§ **DATASET EXCERPTS**:
****************

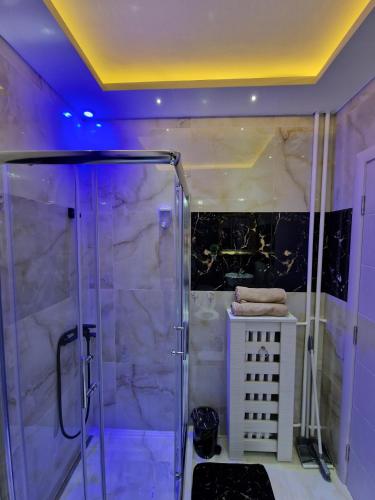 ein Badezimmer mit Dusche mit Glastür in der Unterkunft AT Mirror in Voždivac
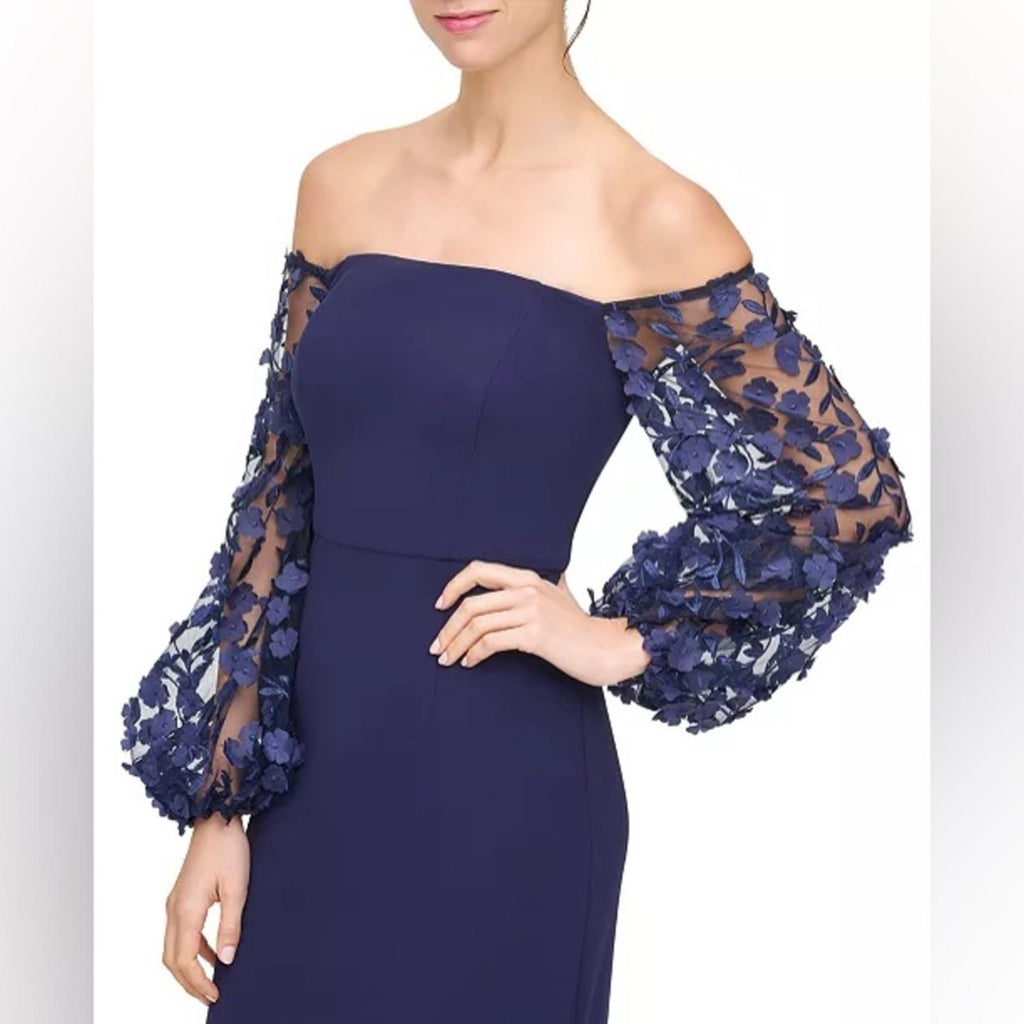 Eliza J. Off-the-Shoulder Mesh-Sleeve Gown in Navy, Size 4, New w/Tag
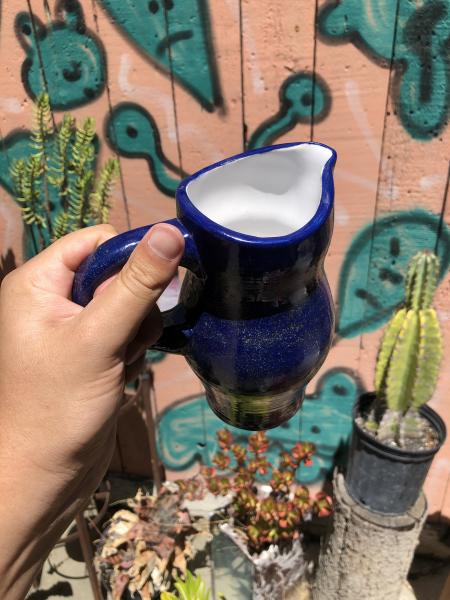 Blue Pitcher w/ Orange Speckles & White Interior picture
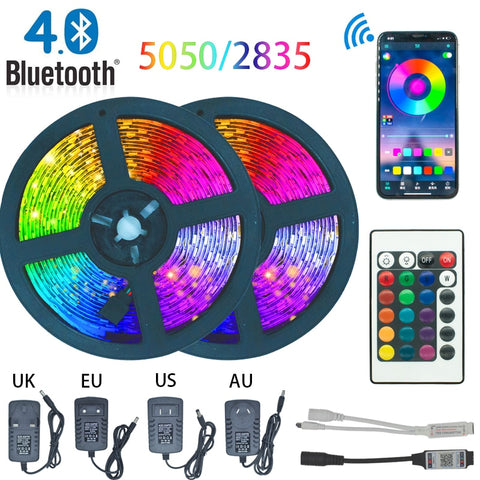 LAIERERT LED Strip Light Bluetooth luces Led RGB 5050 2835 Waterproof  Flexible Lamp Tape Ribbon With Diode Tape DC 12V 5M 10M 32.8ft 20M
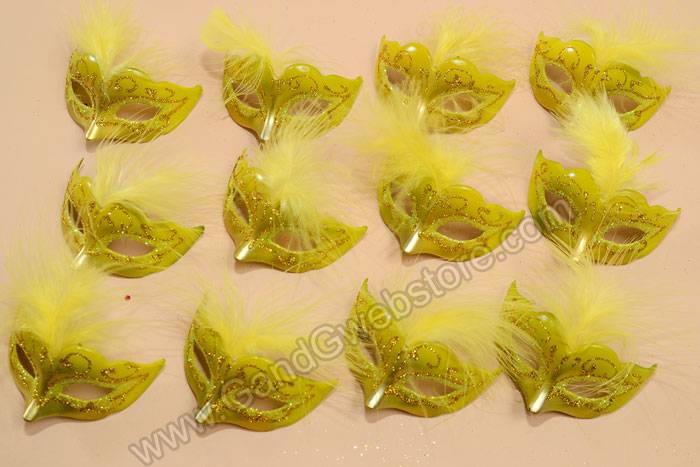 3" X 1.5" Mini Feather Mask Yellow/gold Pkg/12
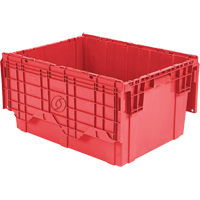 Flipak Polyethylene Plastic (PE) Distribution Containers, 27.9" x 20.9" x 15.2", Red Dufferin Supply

****************

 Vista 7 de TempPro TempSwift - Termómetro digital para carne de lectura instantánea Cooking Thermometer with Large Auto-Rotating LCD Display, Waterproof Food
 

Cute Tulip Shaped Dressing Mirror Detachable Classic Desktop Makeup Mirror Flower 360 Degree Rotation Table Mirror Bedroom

****************

§ **INSTRUCTIONS FOR THE TASK**:
Only one part of the listing is wanted: the lines from the one containing "Blue Pitcher w/" through the one containing "Flipak Polyethylene Plastic", both included. Please transcribe it exactly, leaving out the pictures.

§ **PROBLEM SOLUTION**:
 Blue Pitcher w/ Orange Speckles & White Interior picture
 LAIERERT LED Strip Light Bluetooth luces Led RGB 5050 2835 Waterproof  Flexible Lamp Tape Ribbon With Diode Tape DC 12V 5M 10M 32.8ft 20M
 3" X 1.5" Mini Feather Mask Yellow/gold Pkg/12
 Flipak Polyethylene Plastic (PE) Distribution Containers, 27.9" x 20.9" x 15.2", Red Dufferin Supply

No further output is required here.